Avec son premier long-métrage, Prïncia Carr nous plonge au cœur d’une Marseille lumineuse, populaire et vibrante, celle d’une bande d’amis soudée et des quartiers Nord. On s’aime, on se vanne, on traîne ensemble à longueur de journée que ce soit au bord de l’eau sous un soleil caniculaire, à la foire du coin ou au centre aéré géré par la clique.
Cette famille choisie a ses repères et ses rôles: Oumar en est le leader respecté, le grand frère qui tente d’être exemplaire coûte que coûte, aussi débordant de douceur que piégé par des codes virilistes. Il va épouser Yasmine solaire et aimante, archétype d’une fille “convenable”, la seule à être acceptée dans le cercle masculin. Puis un jour, Carmen, l’amie d’enfance devenue travailleuse du sexe, débarque et c’est toute une bulle qui implose.

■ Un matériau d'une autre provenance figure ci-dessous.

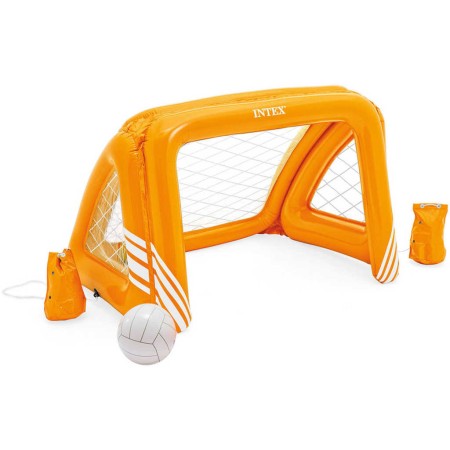 INTEX Branka nafukovací fotbalová / na vodní polo set s míčem 58507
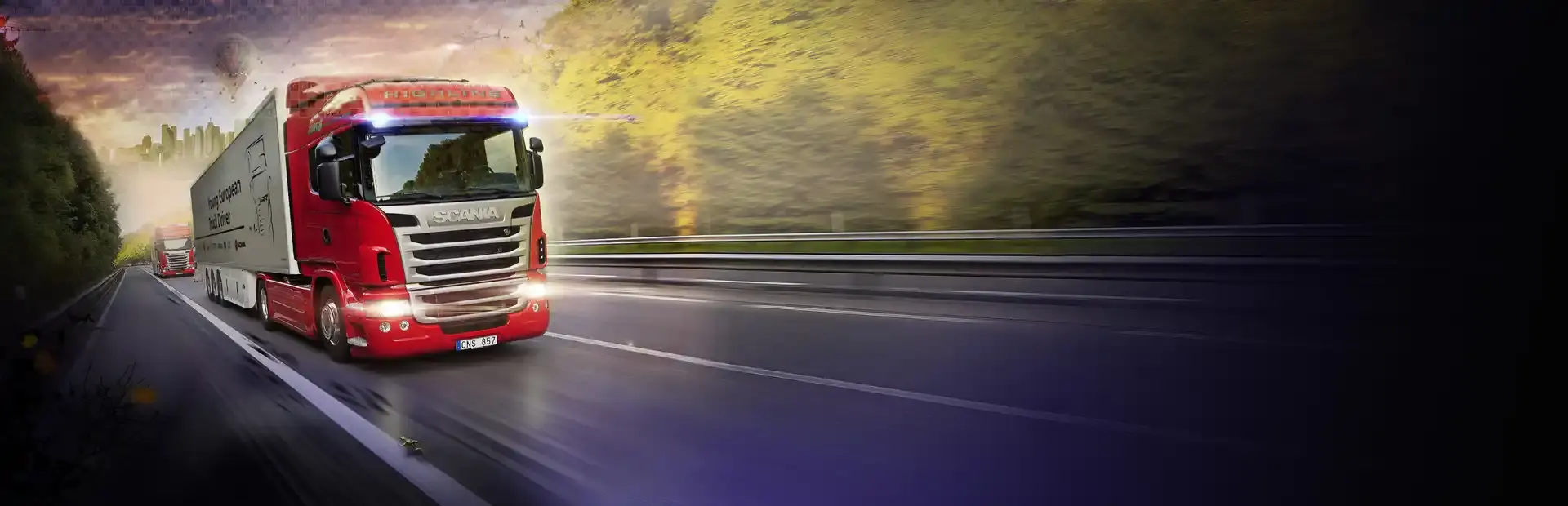 Scania Truck Driving Simulator background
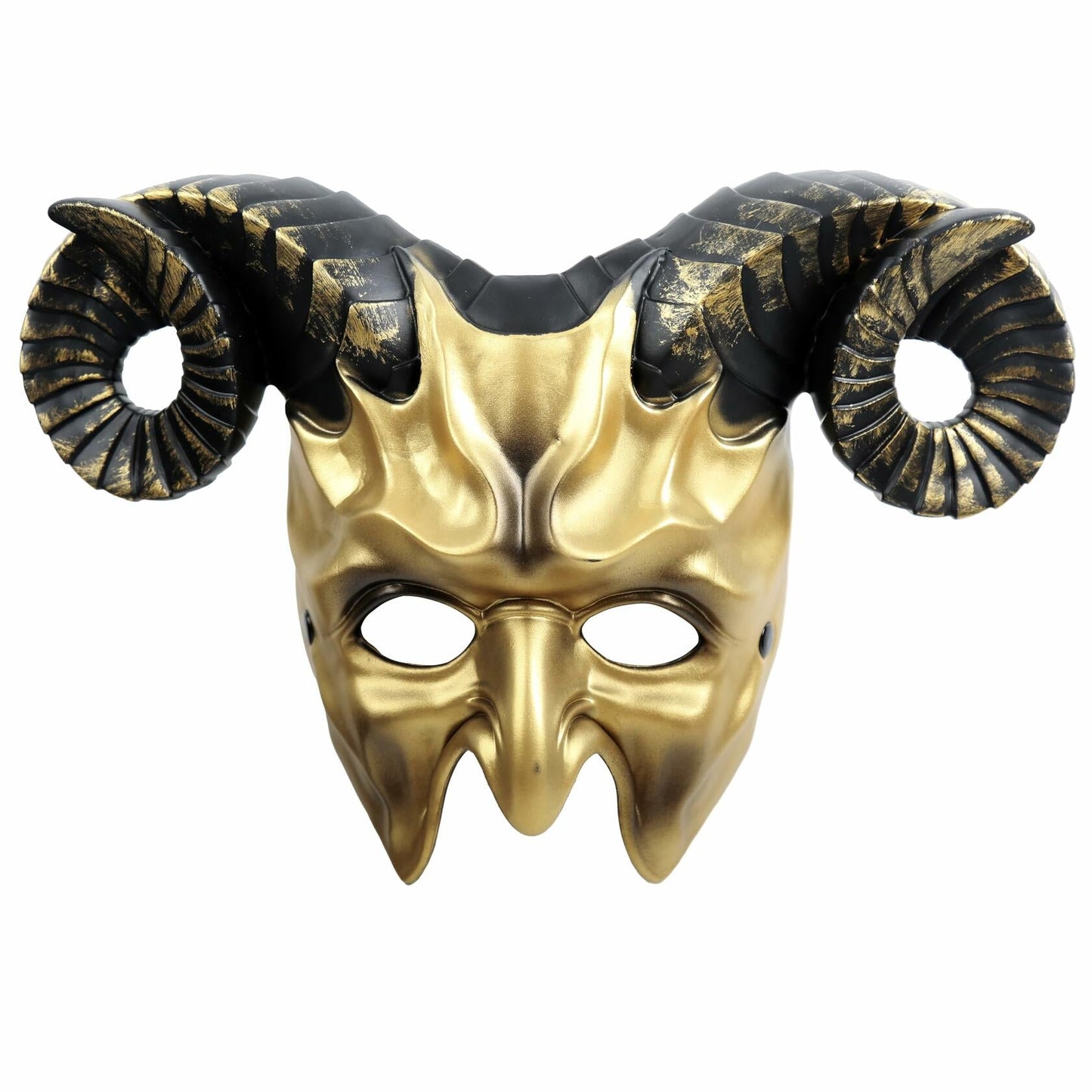 MCJC Devil Goat Horned Mask Adult Half Face Halloween Cosplay 4 Colors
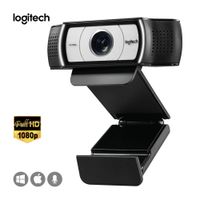 Cámara Web Logitech C930e Full HD 1080p USB-A Zoom 4X Micrófonos Estéreo Negro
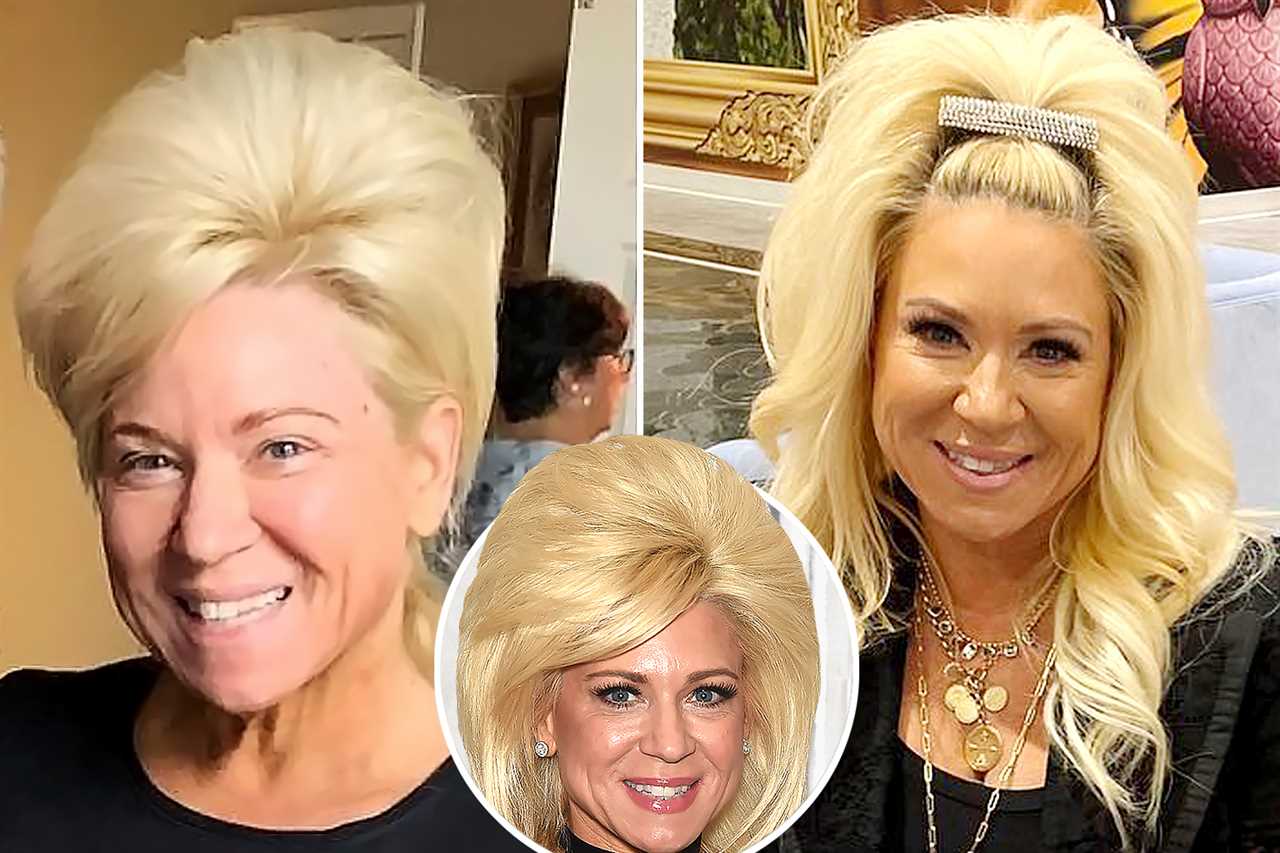 Long Island Medium Theresa Caputo STUNS in sky-high hair & tiny shorts in behind-the-scenes look from secret project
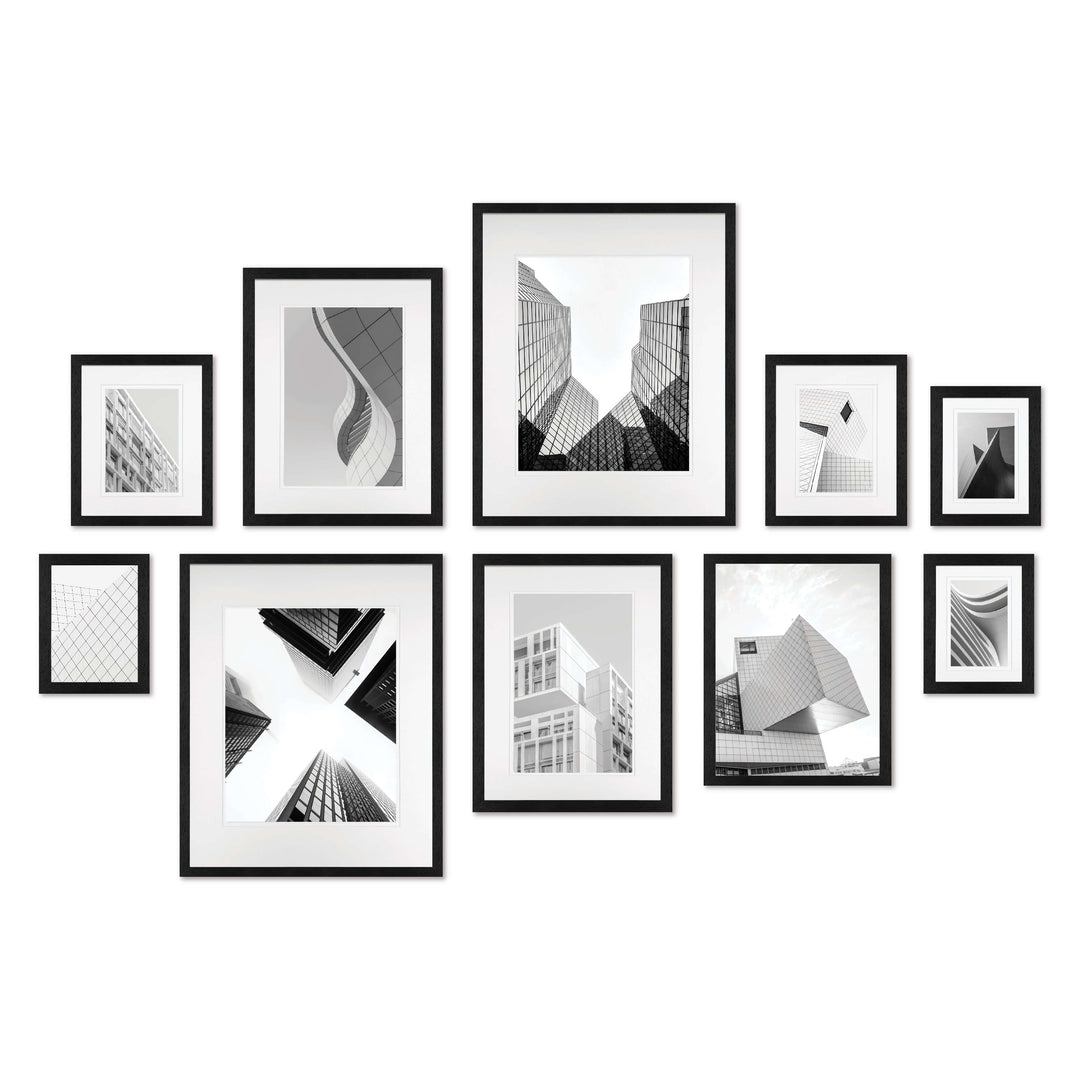 Studio Nova Black Gallery Photo Wall Frame Set (10 Piece) from our Studio Nova Gallery Photo Wall Frame Sets collection by Studio Nova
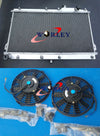 Mazda Miata MX-5 MX5 NA 1990-1997 Aluminum Radiator + Fans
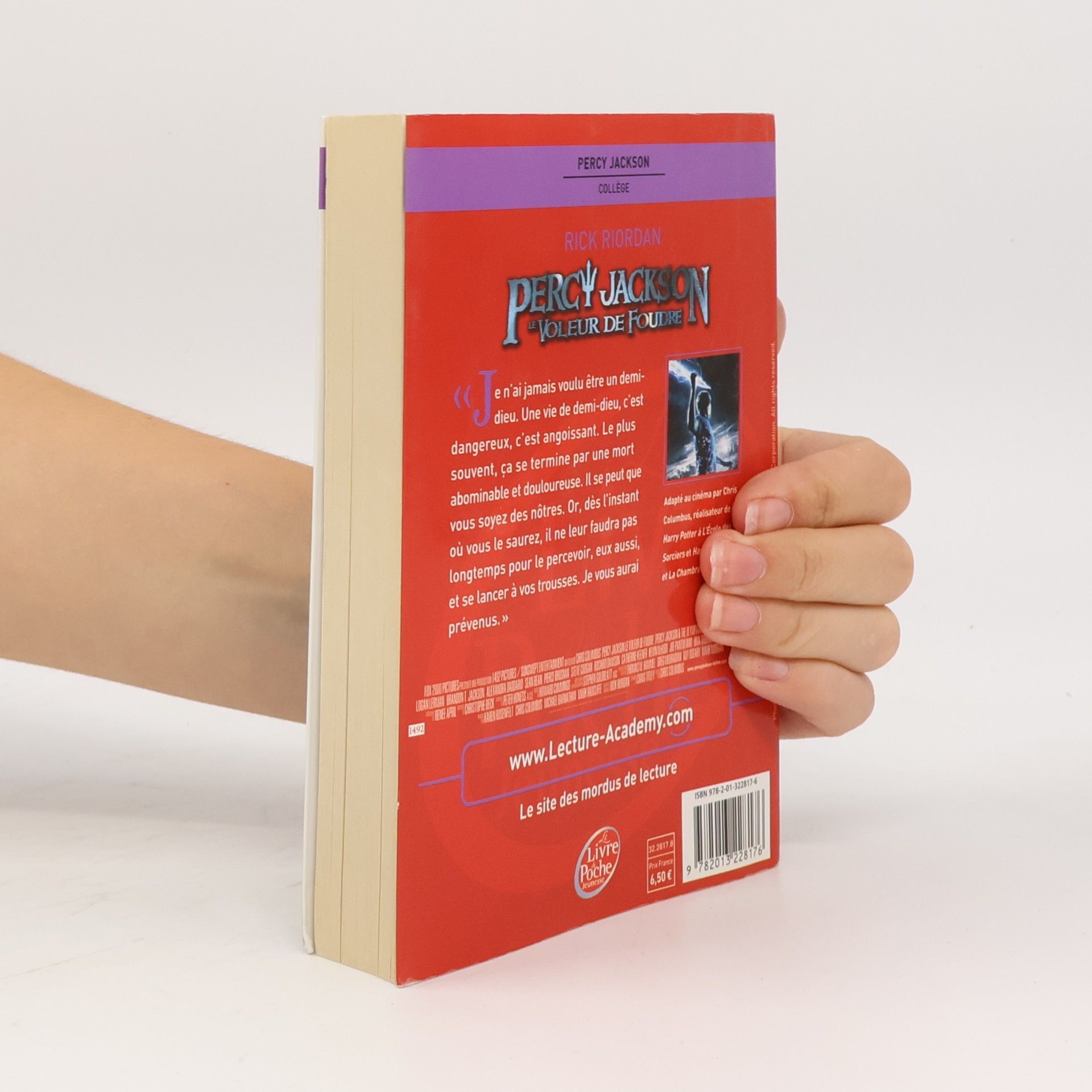 Rick Riordan Percy Jackson 1. Le voleur de Foudre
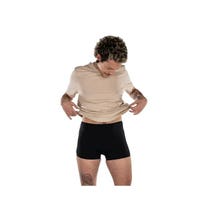 Fluyda Boxer Linea Basic Mutandina Assorbente Bianco/Nero Taglia M-1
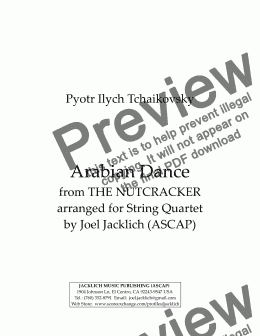 page one of Arabian Dance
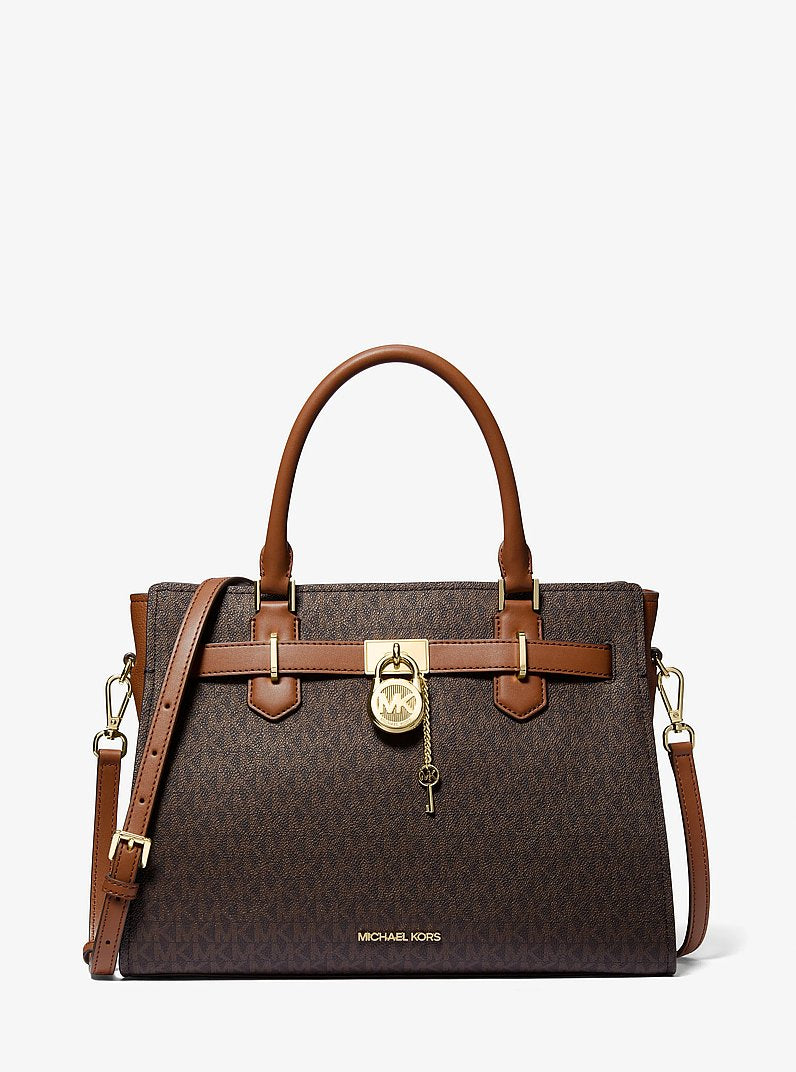 Mk Signature Logo Satchel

On pourrait craindre au départ que le film soit par trop attendu ou déforcé par une conception binaire, stigmatisante et persistante de la féminité, dictant aux femmes leur manière de pouvoir être libre et désir. Mais au cours de son évolution, l'œuvre de Prïncia Carr évite de justesse, ces écueils.
Elle a l’intelligence de poser à la fois un regard sans jugement sur les idées préconçues qui façonnent encore nos identités, nos sexualités; et sur les contradictions et tiraillements qui questionnent ces modèles établis. L’amitié qui finit par lier Yasmine et Carmen s’avère être le grain de sable salutaire dans la mécanique des stéréotypes. Si on peine d’abord à savoir où il nous mène, Les Filles désir parvient finalement à toucher par son regard à la fois fébrile et puissant d’authenticité.
Réalisé par Prïncia Carr (France, 93 minutes) avec Housam Mohamed, Leïa Haïchour, Lou Anna Hamon.